Едва ли не всякий русский сочинитель, приподнявшийся над уровнем плинтуса и Донцовой, принимается немедленно выяснять отношения – даже не с русской Властью, как принято думать, а с самим механизмом функционирования русской Истории. Он пытается установить, почему этот механизм после любых сотрясений и в любом антураже – при государе императоре и большевиках, во времена семибанкирщины и братковских разборок или во времена чекистов и гламурных бутиков – с упорством шарманки разыгрывает одну и ту же пьесу, финал которой печален для гражданских свобод и прогресса, индивидуального преуспеяния и процветания державы, прочности быта и чувства собственного достоинства.
Он надеется понять, можно ли изменить сюжет этой пьесы в целом, – а если нет, то можно ли добраться до индивидуального хеппи-энда, оставшись русским, не погибнув и не потеряв лица.
И – независимо от собственных убеждений и темперамента – получает на удивление схожие ответы. Что по-настоящему изменить ничего нельзя, а уцелеть и даже не поступиться принципами можно – поскольку играющая бесконечную пьесу машинка работает бесперебойно, но хреново. Как любая русская техника для массового применения.
Это коллизия, которая так или иначе занимает Сорокина и Быкова, Иванова и Рубанова, Минаева и Слаповского, Кабакова и Акунина, Юзефовича и Прилепина и многих, многих других.

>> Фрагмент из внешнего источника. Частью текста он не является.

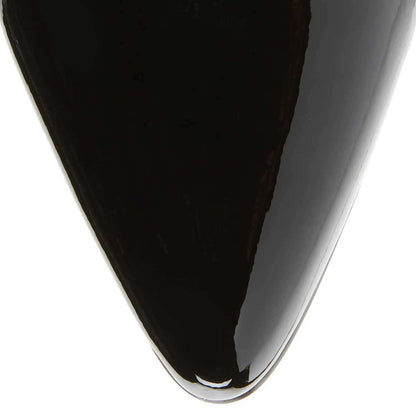 Black Patent Leather Chunky Heel Women's Ankle Boots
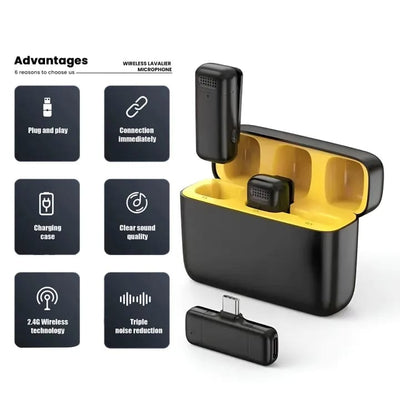 K13 Type-C ANC Dual Wireless Lavalier Microphone Professional Noise Cancelling Clip-On Mic Charging Case Video Recording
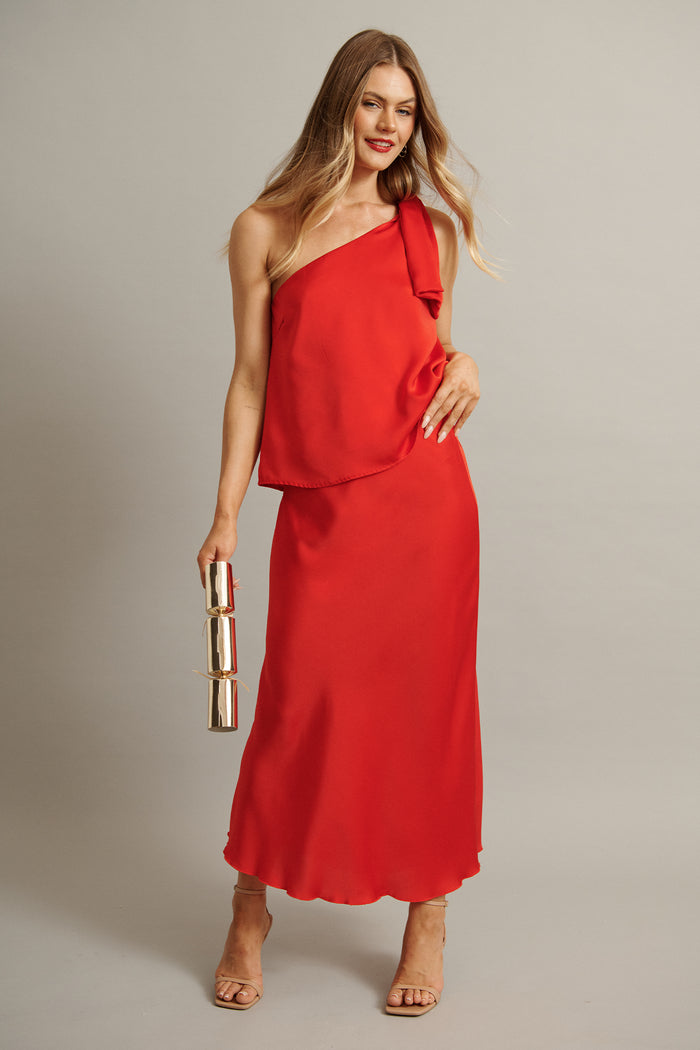 Cressida Maxi Skirt in Red Satin focus shoot full length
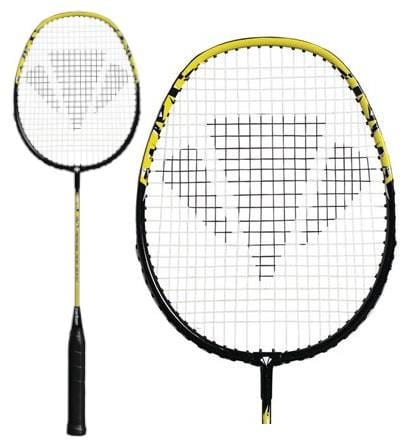 Image of the Carlton Aeroblade 3000 Badminton Racket by Carlton, featuring a black handle and yellow frame, perfect for beginner players. The racket's string bed showcases a unique design, with an enlarged view of the racket's head displayed on the right side.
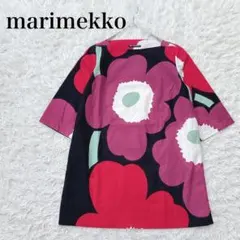 マリメッコ marimekko ウニッコ 七分袖ワンピース 花柄 チュニック36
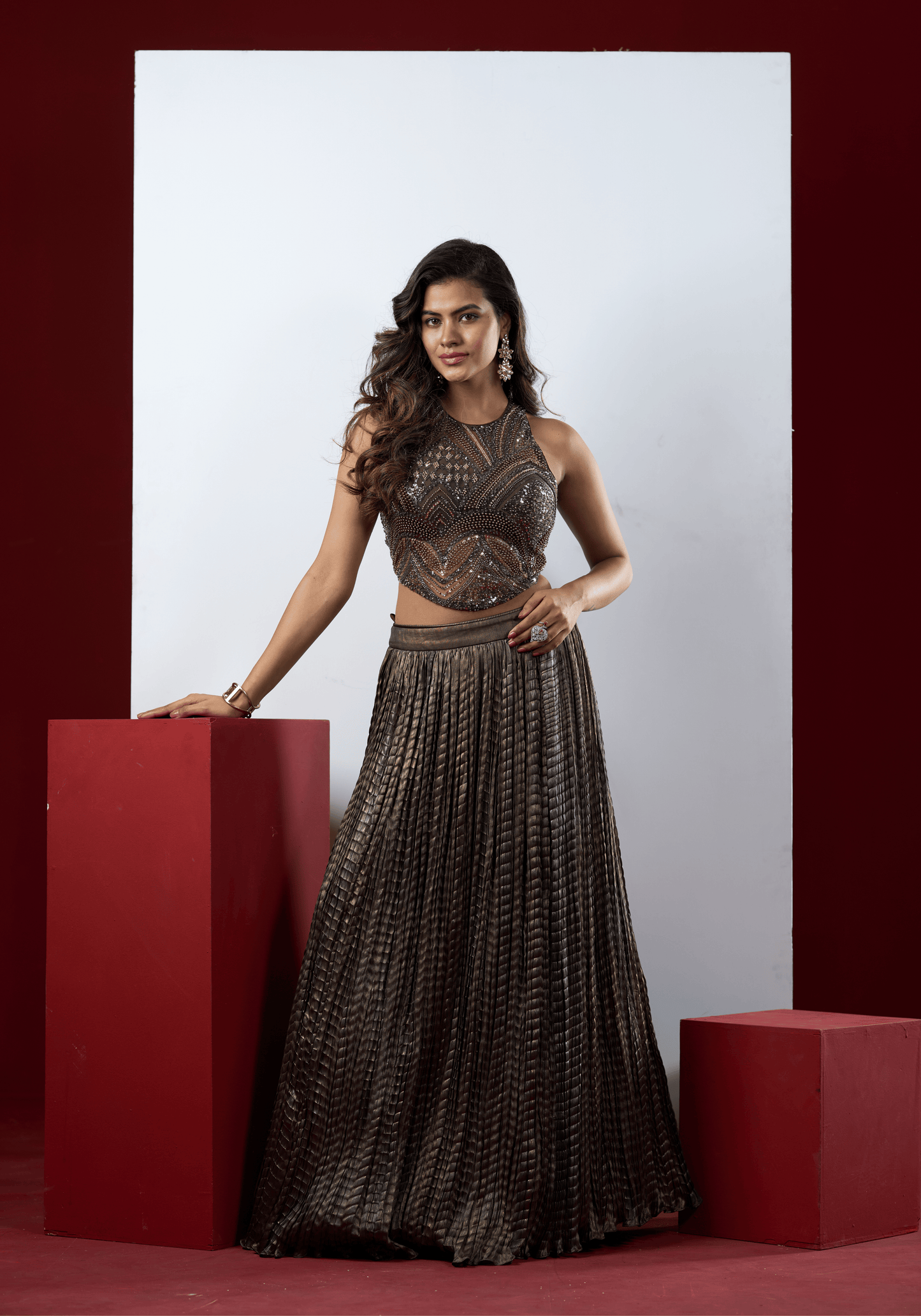 Gunmetal Sequins Lehenga Set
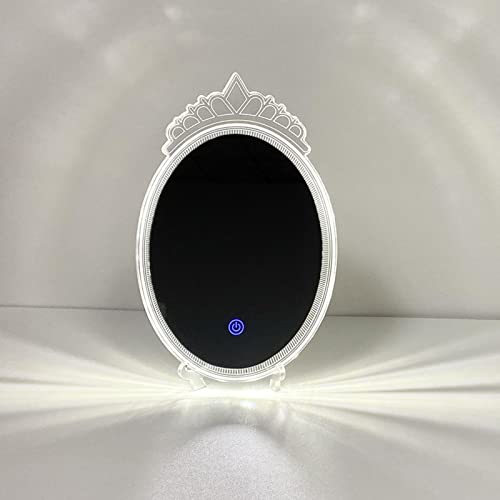 Decorative Mirror with Front Light - USB Rechargeable Vanity Mirror with Dimmable 3-Color LED Lights for Bedroom, Bathroom & Makeup Station | Crown Design Makeup Mirror (Espejo)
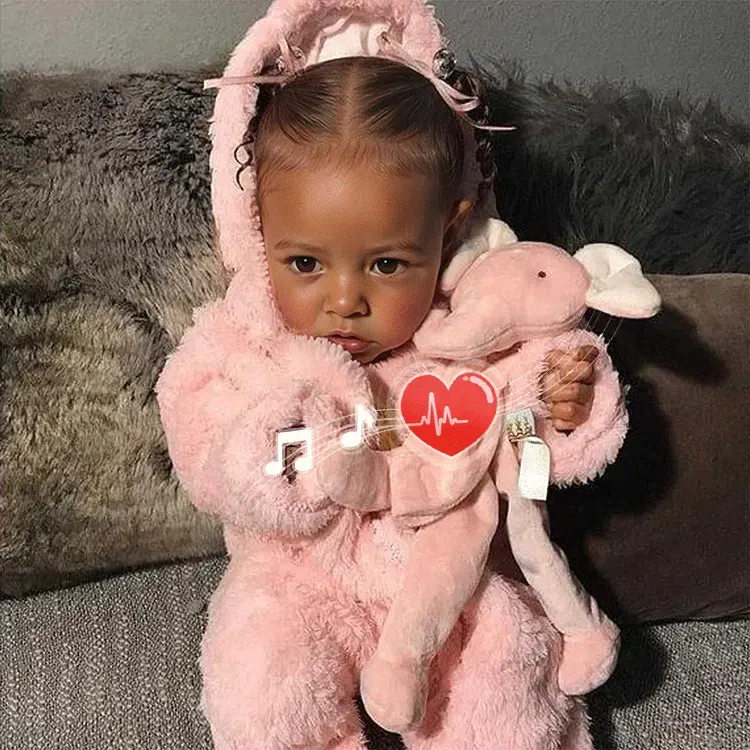 Newly Handmade 20" African American Black Reborn Toddler Baby Dolls Girl Elon Best, photograph 2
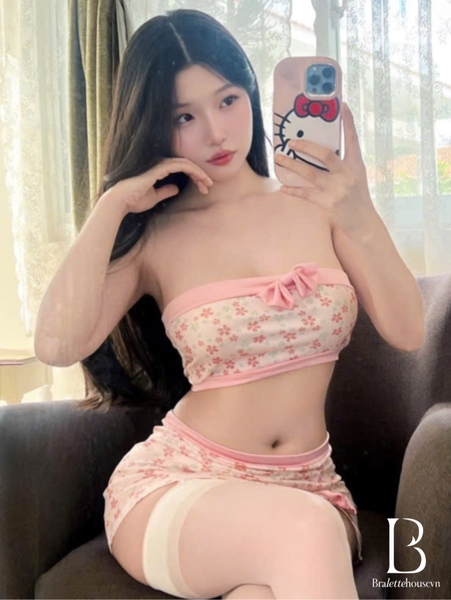 S2145 KANAE SET bộ đồ 2 mảnh chất thun hoa nhí tiểu thư Bralettehousevn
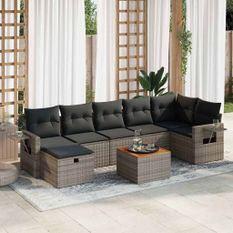 Salon de jardin 8 pcs avec coussins gris résine tressée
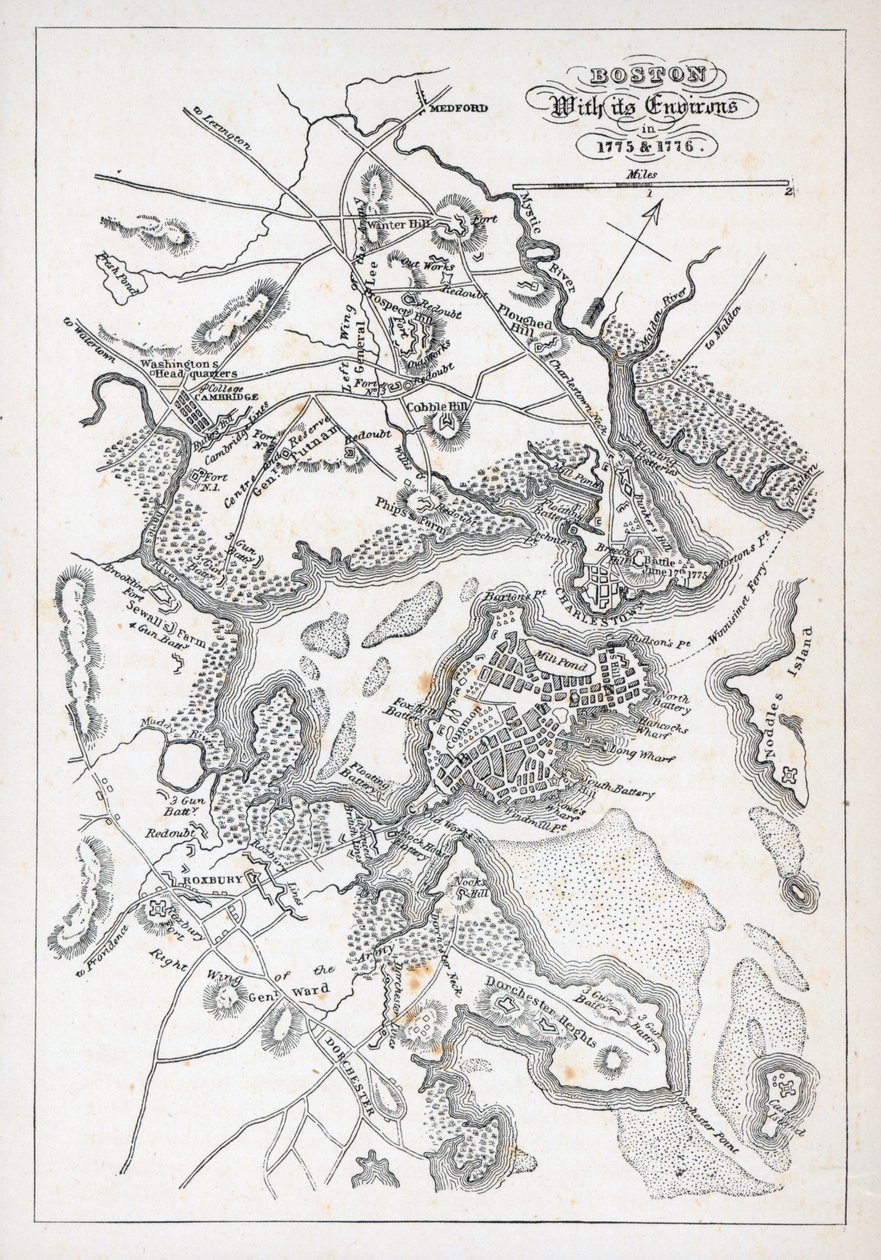1775年和1776年的波士顿及其周边地区（石印）。 作者 美国学校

Это интересная коллизия, она крайне важна для процентов пяти российского населения – я склонен думать, лучших пяти процентов, но, сдается, малоинтересна и остальным девяноста пяти внутри, и всем вовне, за исключением славистов и кремленологов.
…На книжной ярмарке в Нью-Дели, где Россия была главным гостем, а рассчитывающие на контракты издатели-индусы с фамилиями вроде мистер Супрастин или мистер Сушил Весла потерянно бродили между русских селебрити, я был свидетелем спора писателя Веллера и писателя Прилепина.
Веллер и Прилепин ночью сидели в ресторане индийского отеля. Они пили водку и спорили. Они спорили о том, собирался ли Сталин первым напасть на Гитлера. Веллер утверждал, что да. Прилепин настаивал, что нет. Веллер был логичен и неотвратим, как поступь римских легионов. Прилепин играл за русскую душу. Логика была ему не нужна.
– Почитайте Марка Солонина, молодой человек, – рубил Веллер, медленно наливаясь холодным бешенством без единой мускульной дрожи в лице.